「―――痛っ! この下手糞。もうちょっと手加減しろよ」
「無理を云うな。元はと云うと、お前がやれというから」
「お前、自分でやる時だけ上手いのな」
「我は、下手糞ではない」

 探偵は、むすっとしながらも,、再び裸身を助手に預けた。

「塗るぞ。少し痛むかもしれぬ」
 一々予告する雷堂に、鳴海は厭そうな顔をしたが、あえかな溜息一つで了承した。
「早く、しろよ」
「嗚呼」
 紅色の部分に、雷堂は薬を塗り込む。
 痛さと、愛撫するような優しい手つきに、鳴海はぞくぞくした。
「もう・・・・・・いいだろう?」
「いや、まだ下の方が残っている」
「ちっ」
 興奮を悟れぬように口内を噛むが、あまり効果はなかった。
 鳴海は、一度びくりと跳ねて、四肢を投げ出した。
「終わったぞ」
「・・・・・・」
 浅く息を吐く鳴海に、雷堂は常にない悪戯っぽい笑みを浮かべる。
「貴様でも弱い部分はあるのだな」
「五月蠅いよ」
 定吉に負わされた怪我を治療し終えた雷堂は、甲斐甲斐しく濡れタオルも用意して顔を拭いてやる。
「軽く汗ばんでいるな。
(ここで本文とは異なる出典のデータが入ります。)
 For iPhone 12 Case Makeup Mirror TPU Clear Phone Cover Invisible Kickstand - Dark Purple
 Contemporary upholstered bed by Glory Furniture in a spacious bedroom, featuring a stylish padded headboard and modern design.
何なら身体も拭いてやろうか?」
 鳴海は、ソファからずり落ちた。
 


 気絶でもしたのか?
「・・・・・・仕方のない奴だ」
 雷堂は、立ち上がり鳴海を引っ張ろうとした。
 その時、鳴海が雷堂の靴を掴んだ。
 驚いて後退しようとした雷堂は、魔の手から逃れられたものの、するりと片方の靴を靴下ごと持っていかれてしまった。
 あまりに自然なその動きに、だから、鳴海が自分の白い足に近づき、恭しく持ち上げ、あまつさえ接吻けするのを止めることができなかった。
 舌が這い、視線が全身を嘗め、瞳が雷堂の揺らめく双眸を捕らえる。
 いや、囚われたのは理性か。
「雷堂」
 どくん、と心臓が跳ねた。

「ねぇ雷堂」

 鳴海の色にまみれた思惑が、一瞬にして雷堂の欲望を解き放つ。
 血管を這うように興奮が浸食していき、全身を巡る。
 こいつ、我の心臓を操る気か。
 もしくは、鳴海の心拍数を共有してしまったのか。
 身体が、波打ち、五月蠅い。

「しよっか?」

 視線すら鳴海から逸らせなくなり、雷堂は目眩を覚える。
 
 

 嗚呼、誰か、この心臓を止めてくれ。